O que é, por que fazer e como as empresas podem gerar valor com o GHG Protocol
Introdução
A agenda climática deixou de ser uma pauta restrita a governos e ambientalistas para se tornar um tema central na estratégia de negócios das empresas. Investidores, clientes, cadeias de suprimentos, órgãos reguladores e a própria sociedade passaram a exigir transparência, responsabilidade e ações concretas frente às mudanças climáticas.
Nesse contexto, o Inventário de Emissões de Gases de Efeito Estufa (GEE), elaborado a partir da metodologia do GHG Protocol, surge como o principal instrumento para que as organizações compreendam, gerenciem e reduzam seus impactos climáticos.

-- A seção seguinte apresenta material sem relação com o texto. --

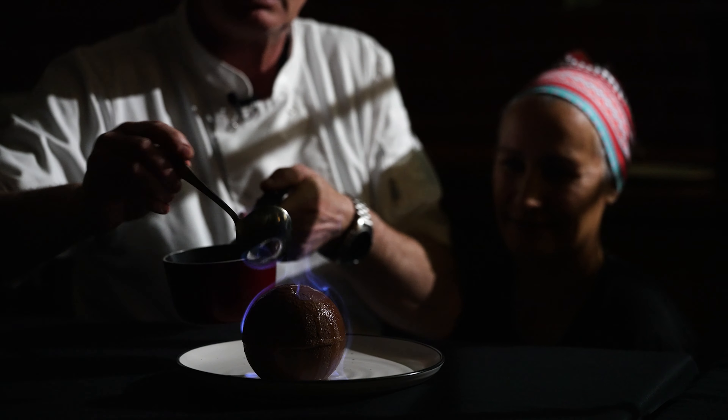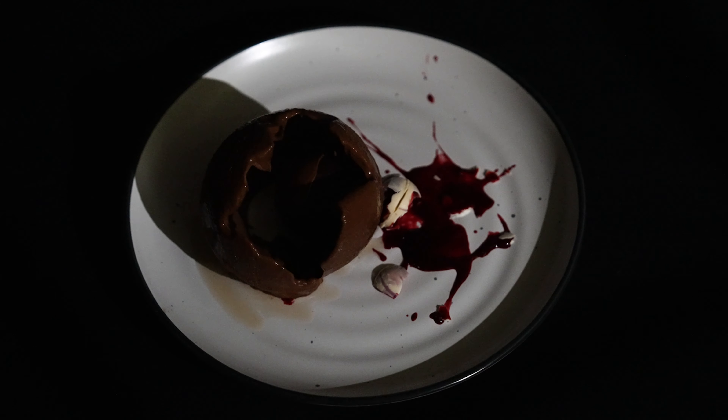I hate to do what everybody else has done, but it is quite a cool thing actually — the old flaming sphere. What we're going to try and achieve today is what I like to call scorched earth. It's going to look a little bit dramatic. I think we've all seen it on YouTube. I just want to do it better.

Mais do que uma obrigação ambiental, o inventário é hoje uma ferramenta estratégica de gestão, capaz de apoiar decisões, orientar investimentos, fortalecer a governança corporativa e gerar vantagens competitivas.
O que é o Inventário de Emissões de GEE?
O Inventário de Emissões de Gases de Efeito Estufa é um levantamento técnico e estruturado de todas as fontes de emissão de carbono e outros gases de efeito estufa associadas às atividades de uma organização ao longo de um determinado período.
Seu principal objetivo é quantificar, monitorar e analisar as emissões, permitindo que a empresa compreenda onde estão seus maiores impactos e quais ações são mais eficazes para reduzi-los.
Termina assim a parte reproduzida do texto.